INHUMANS Season Finale Review: Hammering the Final Nail on the Series' Coffin

INHUMANS has officially concluded its first season. With lower chances than lightning striking twice, INHUMANS' renewal for a second season seems almost impossible at this point. With this episode concluding the season, hammering the final nail on this series’ coffin, I feel an almost surprising amount of contentment. I’m not content because the series ended on a positive note; it was obvious that wasn’t going to happen several episodes ago. Rather, I’m content that INHUMANS ended just as it began: filled with nonsense and unanswered plot holes. 

So, what exactly did INHUMANS leave its audience with? The series is over now, and we have the conclusion to everything that INHUMANS spent its entire run building up to. First and foremost, INHUMANS let every character go on without any retribution. Not a single person learned from their mistakes, despite the countless times that each character’s wrongdoings were shoved in their faces. 

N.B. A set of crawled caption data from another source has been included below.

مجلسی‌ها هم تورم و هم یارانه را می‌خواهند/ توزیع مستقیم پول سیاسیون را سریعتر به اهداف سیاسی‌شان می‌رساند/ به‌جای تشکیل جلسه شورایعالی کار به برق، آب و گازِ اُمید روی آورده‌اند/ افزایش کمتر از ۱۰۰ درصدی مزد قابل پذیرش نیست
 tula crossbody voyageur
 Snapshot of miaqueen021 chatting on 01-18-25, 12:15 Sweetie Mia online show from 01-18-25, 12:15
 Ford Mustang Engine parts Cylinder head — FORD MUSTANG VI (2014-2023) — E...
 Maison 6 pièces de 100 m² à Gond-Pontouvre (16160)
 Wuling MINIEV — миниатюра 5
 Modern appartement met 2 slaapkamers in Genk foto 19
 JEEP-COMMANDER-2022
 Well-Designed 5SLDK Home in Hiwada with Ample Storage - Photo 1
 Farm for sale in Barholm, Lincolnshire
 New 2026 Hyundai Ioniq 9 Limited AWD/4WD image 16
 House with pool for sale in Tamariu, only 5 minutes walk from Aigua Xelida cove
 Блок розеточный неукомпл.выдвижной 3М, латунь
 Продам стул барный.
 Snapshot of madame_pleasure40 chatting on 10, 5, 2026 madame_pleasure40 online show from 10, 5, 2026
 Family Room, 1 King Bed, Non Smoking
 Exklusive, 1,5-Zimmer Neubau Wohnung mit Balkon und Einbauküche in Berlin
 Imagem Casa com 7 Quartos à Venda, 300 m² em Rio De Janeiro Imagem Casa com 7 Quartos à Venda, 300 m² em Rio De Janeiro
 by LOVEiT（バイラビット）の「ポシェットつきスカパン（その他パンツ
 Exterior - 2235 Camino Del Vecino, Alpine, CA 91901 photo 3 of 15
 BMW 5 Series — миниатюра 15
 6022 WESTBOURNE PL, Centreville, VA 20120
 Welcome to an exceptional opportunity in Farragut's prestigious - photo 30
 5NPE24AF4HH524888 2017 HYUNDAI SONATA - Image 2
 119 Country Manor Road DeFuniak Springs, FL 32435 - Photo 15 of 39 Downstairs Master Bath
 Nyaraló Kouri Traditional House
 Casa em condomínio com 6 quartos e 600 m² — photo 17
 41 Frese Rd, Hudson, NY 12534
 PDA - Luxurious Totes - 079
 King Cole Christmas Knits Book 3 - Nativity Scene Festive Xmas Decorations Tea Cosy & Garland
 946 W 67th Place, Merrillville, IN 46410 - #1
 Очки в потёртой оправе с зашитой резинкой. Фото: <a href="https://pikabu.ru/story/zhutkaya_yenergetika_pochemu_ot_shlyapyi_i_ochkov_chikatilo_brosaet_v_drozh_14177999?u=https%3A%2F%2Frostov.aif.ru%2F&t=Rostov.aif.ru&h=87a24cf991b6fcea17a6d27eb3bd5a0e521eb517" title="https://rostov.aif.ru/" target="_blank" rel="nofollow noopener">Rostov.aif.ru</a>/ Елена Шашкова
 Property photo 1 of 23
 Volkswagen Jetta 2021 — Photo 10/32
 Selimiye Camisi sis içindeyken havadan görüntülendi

Black Bolt didn’t learn what it really meant to be a leader, continuing the spree of lies he’s been spewing to the entire Royal Family and inhuman society. Karnak still acts selfishly, doing only what benefits him rather than considering his family and friends. Gorgon, who was brought back to life only because of Karnak’s selfishness, is now more of a mindless brute than ever. Maximus never learned that he isn’t the center of the universe or that his egotistical actions have larger consequences. Even Medusa, who spent the entire season building up her well-deserved confidence, is left blindly following the man who continues to lie to her face with no second thought. 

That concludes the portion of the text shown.